The training accuracy goes up until the 3rd epoch and then stays at 77.4%. The validation accuracy stays at 76.3% throughout all epochs, which may be due to a small validation set. The training loss and validation loss keeps going down, which means that there is a better match between correct labels and predicted labels. Validation accuracy is slightly lower than training accuracy, which means that the model learned from the training data and may have started overfitting, but since validation accuracy does not change, it is hard to say. The test accuracy is 76.7%, which is nearly the same as the validation accuracy. Results might also vary due to different samples in the training, validation and test sets. 

I tested my hypothesis by changing the sizes of the test and validation sets from 50 or 10% to 100 or 20%. The training accuracy went slightly down to 77.2%, and the validation accuracy went up to 77.1%, which are almost the same, indicating that overfitting has not occured. Test accuracy changed to 76.8%, which is nearly the same as before. Typically, the model is not expected to perform better with a smaller training data, but the changes are very small and therefore probably due to differences in the sets of samples.

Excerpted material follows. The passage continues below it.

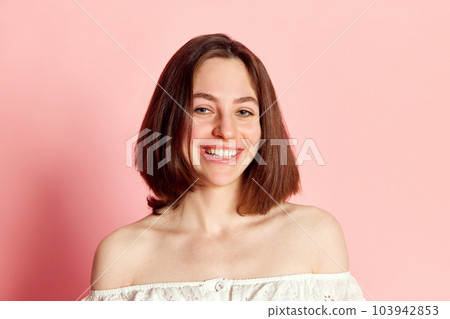 Happiness and joy. Portrait of beautiful young brunette woman looking at camera, cheerful smiling, laughing against pink studio background Happiness and joy. Portrait of beautiful young brunette woman looking at camera, cheerful smiling, laughing against pink studio background 103942853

The test accuracy of 76.7% is significantly better than the Naive Bayes model with an accuracy of 60%. The results show that even a simple neural networks model performs better than a Naive Bayes model constructed in a similar way. 

### Conclusion

In conclusion, I trained two machine learning models to predict categories in the Brown corpus. First, a Naive Bayes model and then a neural networks model. To allow comparison between the models, both were built similarly using a supervised machine learning method and a bag of words approach. Naive Bayes performed significantly better than the naive baseline with an accuracy of 60%, yet the model fell short from the performance of the neural networks model with an accuracy of 76.6%. The model is very simple, and with some fine tuning, the neural networks model could probably perform better. 

The results were quite close to what I was expecting, since the task is not as simple as sentiment prediction. In addition, it is not surprising that neural networks performed better than the Naive Bayes classifier, since it is a more advanced algorithm.